Etes-vous prêts pour une nouvelle descente dans les vastes ténèbres de la sauvagerie et de la terreur ?
S'il est une séquelle que l'on n'attendait pas à l'époque, en 2005, c'était bien un improbable
The Descent : Part 2. D'une part parce que l'original se suffisait à lui-même (comme le fameux café, pas besoin d'en rajouter), et de l'autre, à cause de sa conclusion déjouant machiavéliquement le piège de la fin ouverte et du happy end accommodant. Du moins en ce qui concernait celle vue par la majorité des spectateurs du monde entier, à l'exception des Etats-Unis qui trouvaient que contenir l'héroïne dans les tréfonds obscurs des Appalaches en compagnie des affreux Crawlers après toutes les épreuves endurées, n'étaient pas convenable vis à vis d'on ne sait qui. Il sera donc difficile à un large public d'accorder une légitimité à cette suite échafaudée sur les fondations de la version US pour des raisons incontestablement commerciales. D'accord, ce film a été juste fait pour capitaliser un peu plus sur la gloire de son brillant aîné, cela ne doit pas signifier qu'il faut ne lui accorder aucun crédit. Surtout que dans le genre second opus au rabais,
The Descent : Part 2 donne l'impression que ses concepteurs avaient pour objectif premier de ne pas nous prendre pour des vaches à lait.
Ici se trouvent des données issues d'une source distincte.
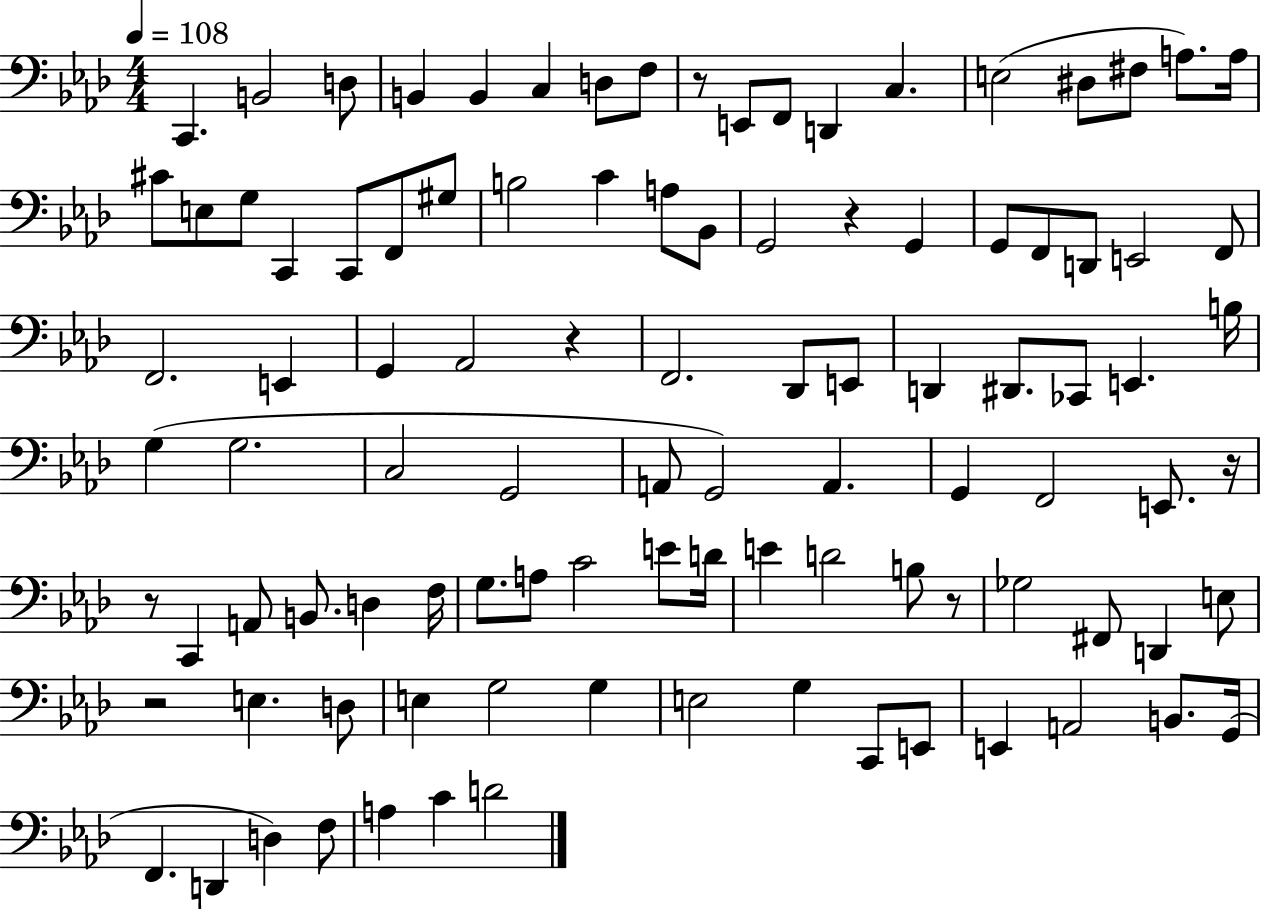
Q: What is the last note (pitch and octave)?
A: D4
En soit, l'intention ne favorise rien mais dans ce contexte elle représente énormément.
Cette volonté se traduit directement par la rapidité avec laquelle l'histoire rentre dans le vif du sujet. La surprise de
The Descent étant allégrement passée, valait mieux ne pas tergiverser sur la façon de ramener
Shauna McDonald dans les entrailles de la Terre en moins de 24 h et la confronter avec ses démons intérieurs (et extérieurs). Deux/trois séquences en guise d'introduction et déjà notre rescapée amnésique est repartie en compagnie d'une équipe de sauveteurs à la recherche d'hypothétiques survivantes, et moitié moins pour que les créatures affamées ne passent à table. La parlote et le surplus ne sont pas de mise. Seule l'efficacité et l'énergie est à prendre en considération ici. De la vigueur,
The Descent : Part 2 en a à revendre sans doute du fait qu'il reprend avec exactitude les éléments qui ont fait la renommée du chef-d'œuvre claustrophobique de
Neil Marshall : même charte graphique (les instruments des personnages sont les uniques sources de lumière une fois la descente vers l'enfer amorcée), même bande-son et même prédominance des encadrements d'un noir abyssal, catalyseur des peurs communes que sont celles du vide, des espaces clos et des monstres.
La mécanique du grand huit horrifique fonctionne de bout en bout et conviendra parfaitement aux amateurs de sensations fortes. Pourtant cette deuxième escapade ne saurait se positionner à égale distance de son modèle. Bien qu'il soit mal-aisé de juger des compétences de
Jon Harris (monteur du premier, parachevant ici son passage derrière la caméra) dans les conditions d'un exercice visant à appliquer les recettes d'un autre dévolu au poste de producteur exécutif sur le suivant, il n'est pas interdit de prétendre qu'il ne possède pas les aptitudes du réalisateur de
Doomsday. Cela se remarque tout de suite dans la répétition formelle des attaques des Crawlers toujours filmées en gros plan, et un sous texte psychanalytique fortement négligé pour ne pas dire résolument abandonné. Le parallélisme entre Sarah et l'agent de police Rios (mère de famille célibataire luttant pour revoir sa fille) était judicieux s'il avait été mené jusqu'au bout, à l'instar du dernier tiers construit sur une idée maligne quoique sacrément tirée par les cheveux et promptement expédiée pour préparer le terrain à une éventuelle trilogie.
Une suite indubitablement commerciale mais qui tend à vouloir donner à son public sa grosse dose de frisson. Résultat : une fois le générique de fin venu, on se presse dehors pour prendre une grande bouffée d'air. Pour le reste vaut mieux ne pas trop comparer avec l'original de Neil Marshall.